(Recorded data)
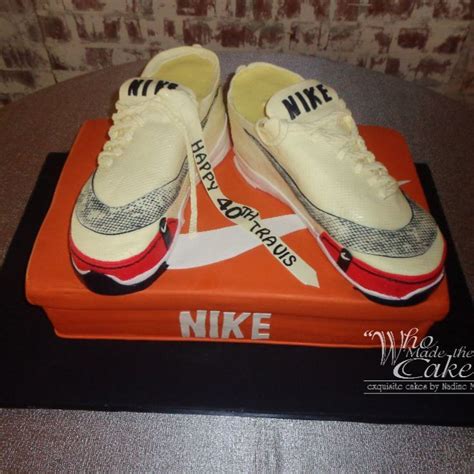 Nike Sneaker Cake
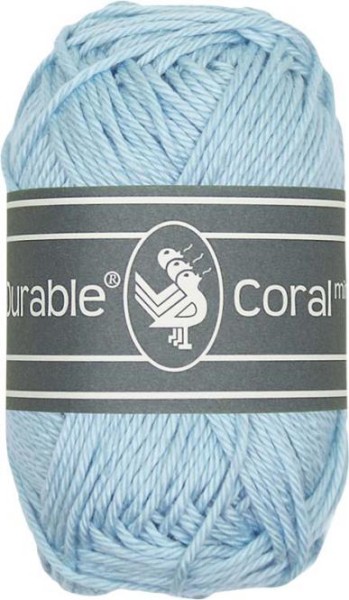 Durable Coral Mini Light Blue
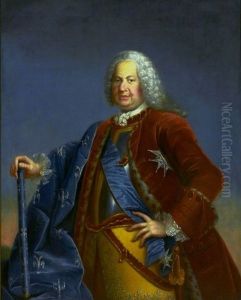 Portrait of Stanislaus I Leszczynski.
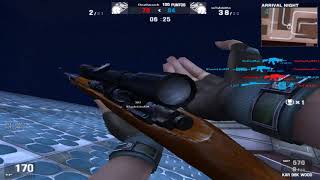 WolfTeam trickshot Kar98k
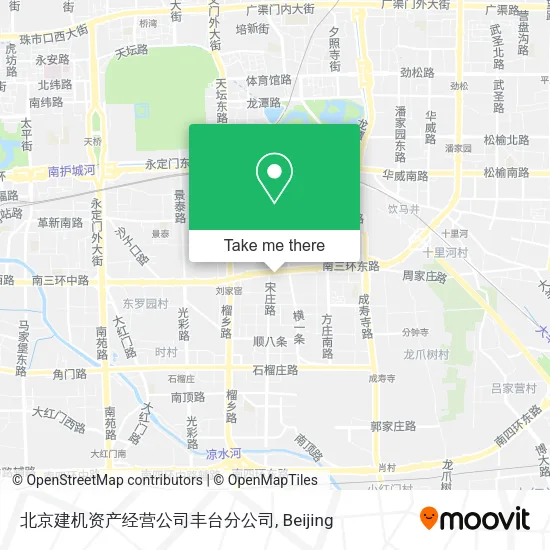 北京建机资产经营公司丰台分公司 map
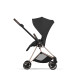 Чохол тканинний для прогулянкового блоку Mios Style Sepia Black, 526000395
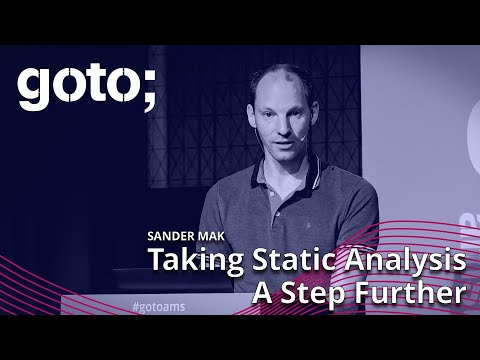 Streamlining Large-Scale Java Development Using Error Prone • Sander Mak • GOTO 2022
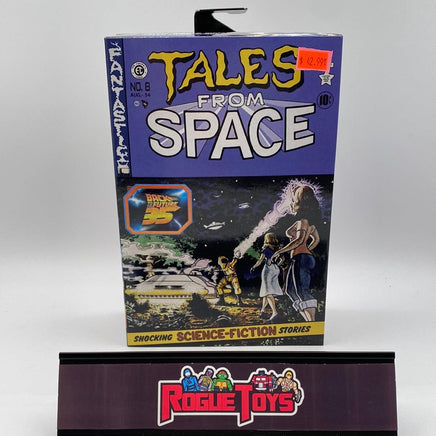 NECA Reel Toys Back to The Future Tales from Space - Rogue Toys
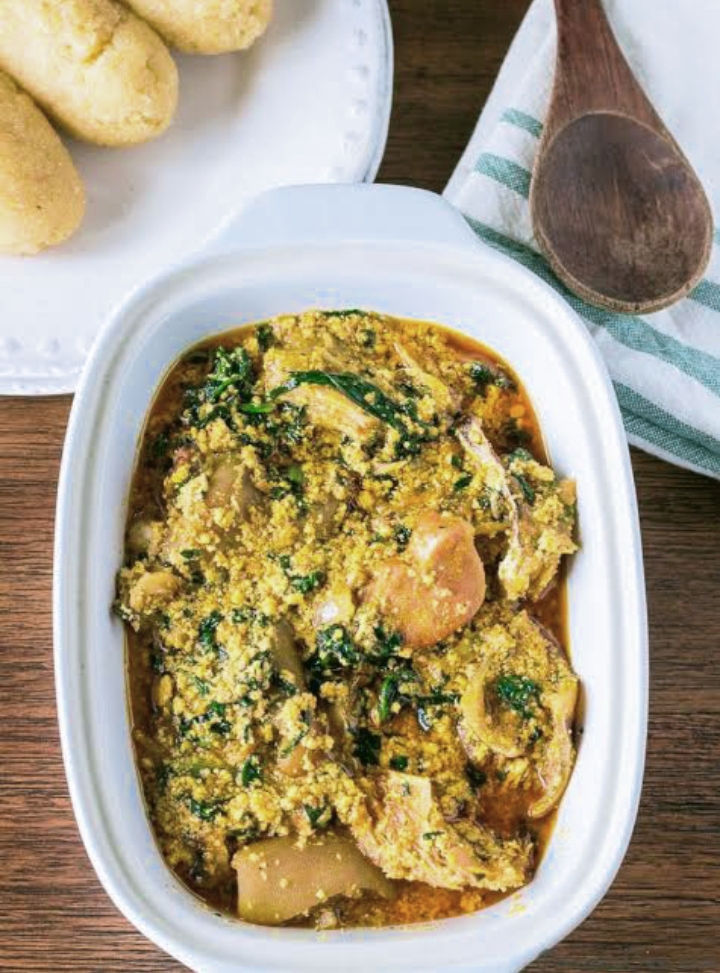Egusi Soup Without palm oil and without frying recipe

* [Activity] Would it be possible to print the records above verbatim, pictures omitted?

* [Task response]
 Nike Sneaker Cake
 Durable Coral Mini Light Blue
 Portrait of Stanislaus I Leszczynski.
 WolfTeam trickshot Kar98k
 北京建机资产经营公司丰台分公司 map
 Чохол тканинний для прогулянкового блоку Mios Style Sepia Black, 526000395
 Streamlining Large-Scale Java Development Using Error Prone • Sander Mak • GOTO 2022
 NECA Reel Toys Back to The Future Tales from Space - Rogue Toys
Egusi Soup Without palm oil and without frying recipe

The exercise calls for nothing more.